En los últimos diez años de su vida, la influencia de Berlusconi empezó a extinguirse, primero lentamente y luego de golpe. Su última etapa como primer ministro llegó a su fin hace exactamente una década, cuando su mala gestión de las finanzas públicas del país y la falta de confianza de los mercados en su capacidad para llevar a cabo reformas serias, le llevaron a perder el apoyo de la mayoría en el Parlamento. Su partido, Forza Italia — denominado así, en una jugada típicamente desvergonzada e ingeniosa, por el cántico que los hinchas de fútbol italianos utilizan para apoyar a su selección nacional—, fue encogiéndose sin tregua, pasando del 47% de los votos en 2008 al 8% en 2022.
Esa es la buena noticia: que hasta las figuras políticas más míticas pueden acabar perdiendo su control sobre un sistema político. Durante dos décadas, el espectáculo de Berlusconi dominó por completo la política y la sociedad italianas. Pero el país se hartó finalmente de sus payasadas y su base de poder empezó a desmoronarse. En el momento de su fallecimiento, era el líder de un socio de coalición menor en un Gobierno que en su mayoría respondía a sus desmedidas demandas con sonrisas condescendientes.
Pero también hay malas noticias. La última década también da a entender que la desaparición de populistas como Berlusconi rara vez resulta ser la salvación que anhelan sus detractores. La corrosiva influencia que Berlusconi ha tenido en el sistema político italiano a lo largo de las últimas décadas es evidente; el hecho de su muerte no debería incitar a los analistas a suavizar el daño que ha causado. Pero eso no significa que su muerte ayude a sanar la política italiana.
Es posible que los dos líderes de la derecha italiana que quedan, Giorgia Meloni y Matteo Salvini, tengan menos conflictos de intereses económicos comprometedores o menos razones personales para preferir un poder judicial débil. Pero sí tienen un compromiso ideológico mucho más profundo con la extrema derecha y un aprecio personal aún más profundo por líderes como Viktor Orbán o (en el caso de Salvini) Vladímir Putin. Y esto forma parte de una tendencia más amplia.

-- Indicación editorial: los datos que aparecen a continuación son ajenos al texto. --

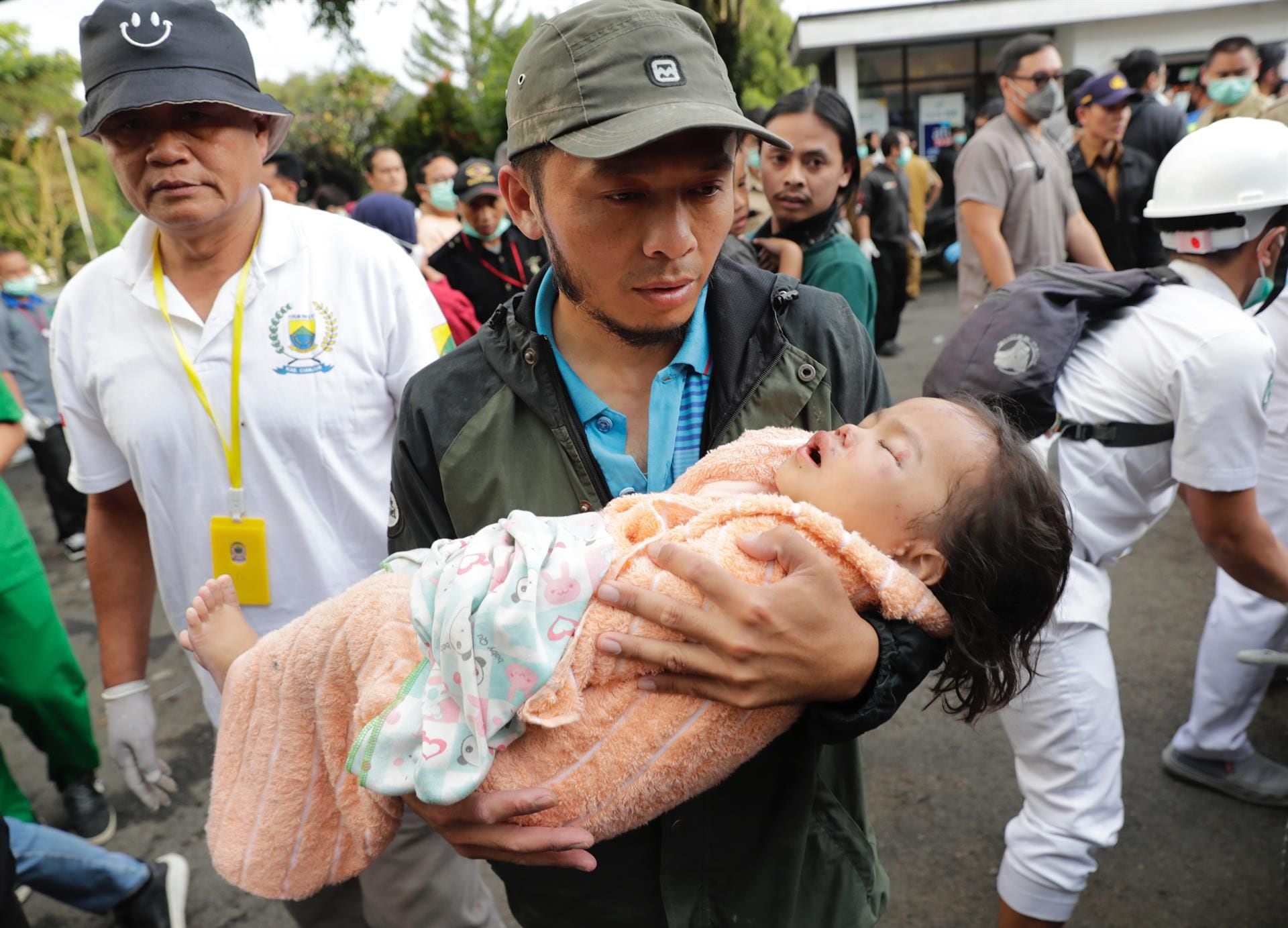 Rescue teams carry a girl victim of the earthquake that hit Cianjur, Indonesia, on November 21, 2022. (EFE/EPA/ADI WEDA).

Berlusconi demostró que los guardarraíles de la democracia son, incluso en democracias supuestamente consolidadas, mucho más débiles de lo que los políticos y los politólogos habían supuesto durante mucho tiempo. Pero siguió siendo un político profundamente personalista, que obtenía su apoyo gracias a su carisma y se preocupaba sobre todo de sus intereses personales. Sus sucesores están igual de dispuestos a saltarse las normas o a explotar su carisma; muchos de ellos también están profundamente inmersos en una ideología de extrema derecha que les da la apariencia de servir a un propósito mayor y que, de llevarse a la práctica, causaría un daño aún más profundo. Berlusconi rompió a Humpty Dumpty. Es dudoso que los que ahora están al mando puedan recomponerlo, incluso si tuvieran algún interés en hacerlo, cosa que definitivamente no tienen.
Mientras los rumores de la inminente muerte de Berlusconi circulaban por las redes sociales el domingo por la noche, yo estaba cenando con unos amigos italianos de toda la vida que han estado quejándose de la influencia que ha tenido en su país durante cerca de dos décadas. “Puedes decir lo que quieras, pero será el fin de una era”, opinó uno de ellos, sorprendentemente nostálgico. “Puede que hasta le echemos de menos”, secundó otro. Me quedé desconcertado. “¿De verdad creéis que las cosas podrían ponerse peor?”, pregunté. “Las cosas siempre pueden ponerse peor”, respondió de manera jocosa, y tomó otro trago de vino.